Velocity Reviews > pairs from a list

# pairs from a list

Arnaud Delobelle
Guest
Posts: n/a

 01-22-2008
On Jan 22, 1:19*pm, Alan Isaac <(E-Mail Removed)> wrote:
> I suppose my question should have been,
> is there an obviously faster way?
> Anyway, of the four ways below, the
> first is substantially fastest. *Is
> there an obvious reason why?

Can you post your results?

I get different ones (pairs1 and pairs2 rewritten slightly to avoid
unnecessary indirection).

====== pairs.py ===========
from itertools import *

def pairs1(x):
return izip(islice(x,0,None,2),islice(x,1,None,2))

def pairs2(x):
xiter = iter(x)
while True:
yield xiter.next(), xiter.next()

def pairs3(x):
for i in range( len(x)//2 ):
yield x[2*i], x[2*i+1],

def pairs4(x):
xiter = iter(x)
return izip(xiter,xiter)

def compare():
import timeit
for i in '1234':
t = timeit.Timer('list(pairs.pairs%s(l))' % i,
'import pairs; l=range(1000)')
print 'pairs%s: %s' % (i, t.timeit(10000))

if __name__ == '__main__':
compare()
=====================

marigoldython arno\$ python pairs.py
pairs1: 0.789824962616
pairs2: 4.08462786674
pairs3: 2.90438890457
pairs4: 0.536775827408

pairs4 wins.

--
Arnaud

Alan Isaac
Guest
Posts: n/a

 01-22-2008
Arnaud Delobelle wrote:
> According to the docs [1], izip is defined to be equivalent to:
>
> def izip(*iterables):
> iterables = map(iter, iterables)
> while iterables:
> result = [it.next() for it in iterables]
> yield tuple(result)
>
> This guarantees that it.next() will be performed from left to right,
> so there is no risk that e.g. pairs4([1, 2, 3, 4]) returns [(2, 1),
> (4, 3)].
>
> Is there anything else that I am overlooking?
>
> [1] http://docs.python.org/lib/itertools-functions.html

<URL:http://bugs.python.org/issue1121416>

fwiw,
Alan Isaac

Arnaud Delobelle
Guest
Posts: n/a

 01-22-2008
On Jan 22, 4:10*pm, Alan Isaac <(E-Mail Removed)> wrote:

> <URL:http://bugs.python.org/issue1121416>
>
> fwiw,
> Alan Isaac

Thanks. So I guess I shouldn't take the code snippet I quoted as a
specification of izip but rather as an illustration.

--
Arnaud

Alan Isaac
Guest
Posts: n/a

 01-22-2008
Arnaud Delobelle wrote:
> pairs4 wins.

Oops.

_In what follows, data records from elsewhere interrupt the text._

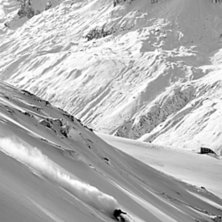 Uffe hissar med l&ouml;s h&auml;l under n&aring;gra fina dagar . Foto: Jesper Molin. &Aring;kare: Ulf.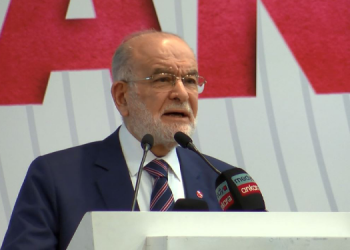 Karamollaoğlu: Siyasette söz söylemek kolay, icraat yapmak kolay değil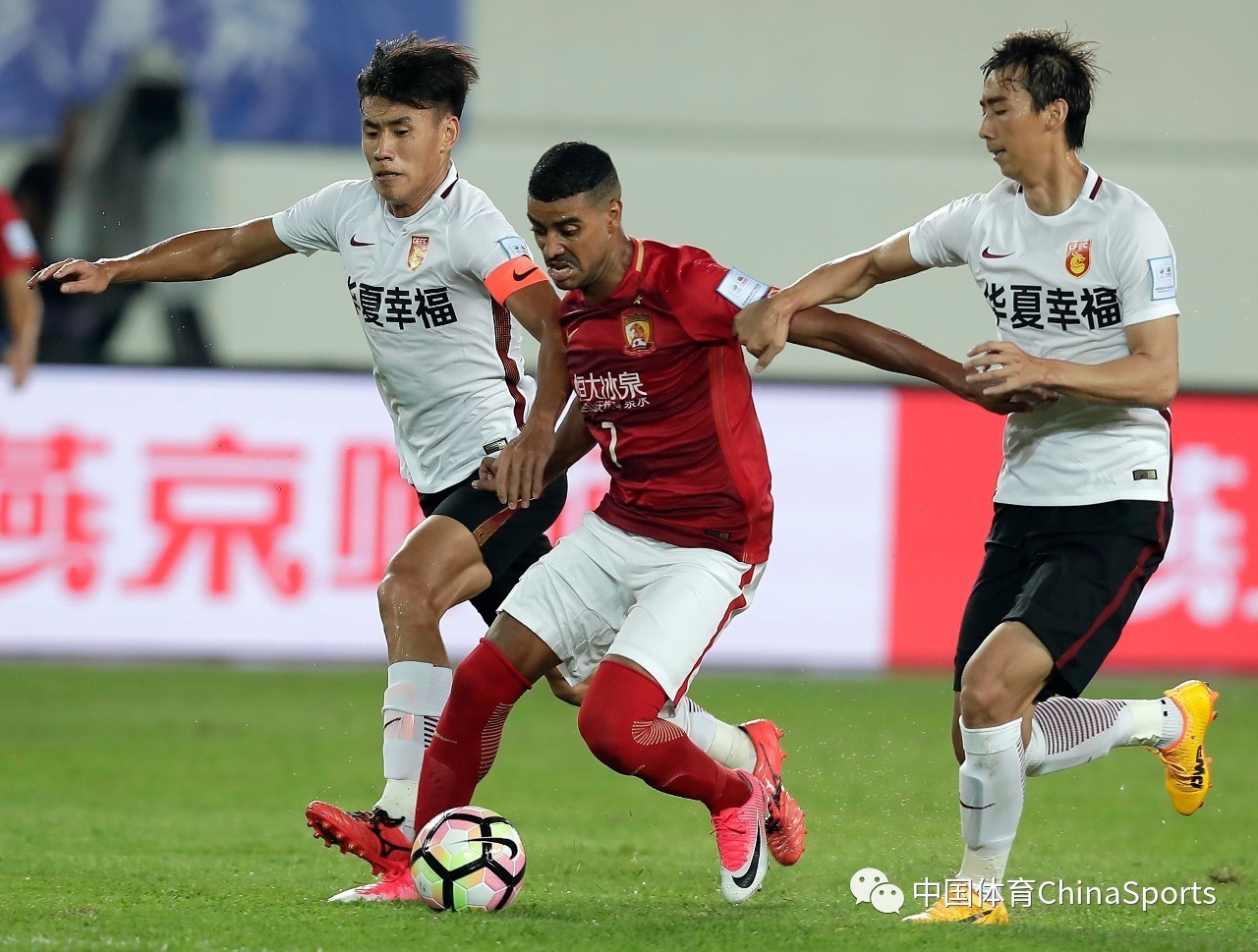 包含深圳佳兆业胜河北华夏幸福，泰达主场不敌国安的词条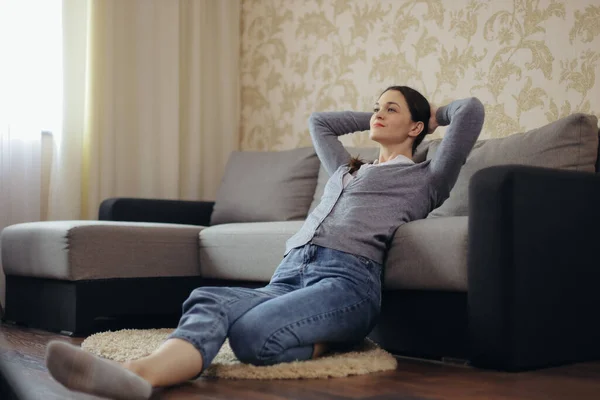 Young Woman Relaxing Living Room Watching — Stock Photo, Image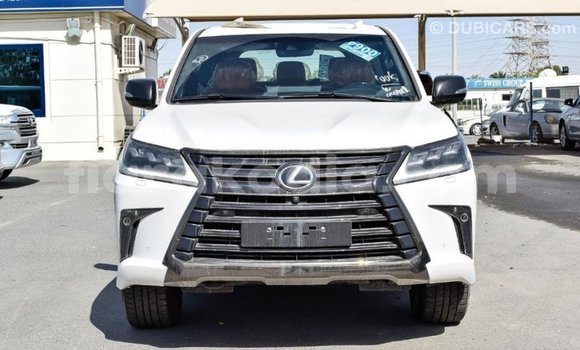 Acheter Import Voiture Lexus LX Blanc à Import - Dubai, Diana Acheter Import Voiture Lexus LX Blanc à Import - Dubai, Diana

I see a smaller difference,
but yes, pairs4 wins.

Alan Isaac

import time
from itertools import islice, izip

x = range(500001)

def pairs1(x):
return izip(islice(x,0,None,2),islice(x,1,None,2))

def pairs2(x):
xiter = iter(x)
while True:
yield xiter.next(), xiter.next()

def pairs3(x):
for i in range( len(x)//2 ):
yield x[2*i], x[2*i+1],

def pairs4(x):
xiter = iter(x)
return izip(xiter,xiter)

t = time.clock()
for x1, x2 in pairs1(x):
pass
t1 = time.clock() - t

t = time.clock()
for x1, x2 in pairs2(x):
pass
t2 = time.clock() - t

t = time.clock()
for x1, x2 in pairs3(x):
pass
t3 = time.clock() - t

t = time.clock()
for x1, x2 in pairs4(x):
pass
t4 = time.clock() - t

print t1, t2, t3, t4

Output:
0.317524154606 1.13436847421 1.07100930426 0.262926712753

Guest
Posts: n/a

 01-22-2008
On Jan 22, 5:34 am, George Sakkis <(E-Mail Removed)> wrote:
> On Jan 22, 12:15 am, Paddy <(E-Mail Removed)> wrote:
>
> > On Jan 22, 3:20 am, Alan Isaac <(E-Mail Removed)> wrote:> I want to generate sequential pairs from a list.
> > <<snip>>
> > > What is the fastest way? (Ignore the import time.)

>
> > 1) How fast is the method you have?
> > 2) How much faster does it need to be for your application?
> > 3) Are their any other bottlenecks in your application?
> > 4) Is this the routine whose smallest % speed-up would give the
> > largest overall speed up of your application?

>
> I believe the "what is the fastest way" question for such small well-
> defined tasks is worth asking on its own, regardless of whether it
> makes a difference in the application (or even if there is no
> application to begin with).

Hi George,
You need to 'get it right' first. Micro optimizations for speed
without thought of the wider context is a bad habit to form and a time
waster.
If the routine is all that needs to be delivered and it does not
perform at an acceptable speed then find out what is acceptable and
optimise towards that goal. My questions were set to get posters to
think more about the need for speed optimizations and where they
should be applied, (if at all).

A bit of forethought might justify leaving the routine alone, or

Arnaud Delobelle
Guest
Posts: n/a

 01-22-2008
On Jan 22, 6:34*pm, Paddy <(E-Mail Removed)> wrote:
[...]
> Hi George,
> You need to 'get it right' first. Micro optimizations for speed
> without thought of the wider context is a bad habit to form and a time
> waster.
> If the routine is all that needs to be delivered and it does not
> perform at an acceptable speed then find out what is acceptable and
> optimise towards that goal. My questions were set to get posters to
> think more about the need for speed optimizations and where they
> should be applied, (if at all).
>
> A bit of forethought might justify leaving the routine alone, or

But it's fun!

Some-of-us-can't-help-it'ly yours
--
Arnaud

Peter Otten
Guest
Posts: n/a

 01-22-2008
Arnaud Delobelle wrote:

> On Jan 22, 4:10Â*pm, Alan Isaac <(E-Mail Removed)> wrote:
>
>> <URL:http://bugs.python.org/issue1121416>
>>
>> fwiw,
>> Alan Isaac

>
> Thanks. So I guess I shouldn't take the code snippet I quoted as a
> specification of izip but rather as an illustration.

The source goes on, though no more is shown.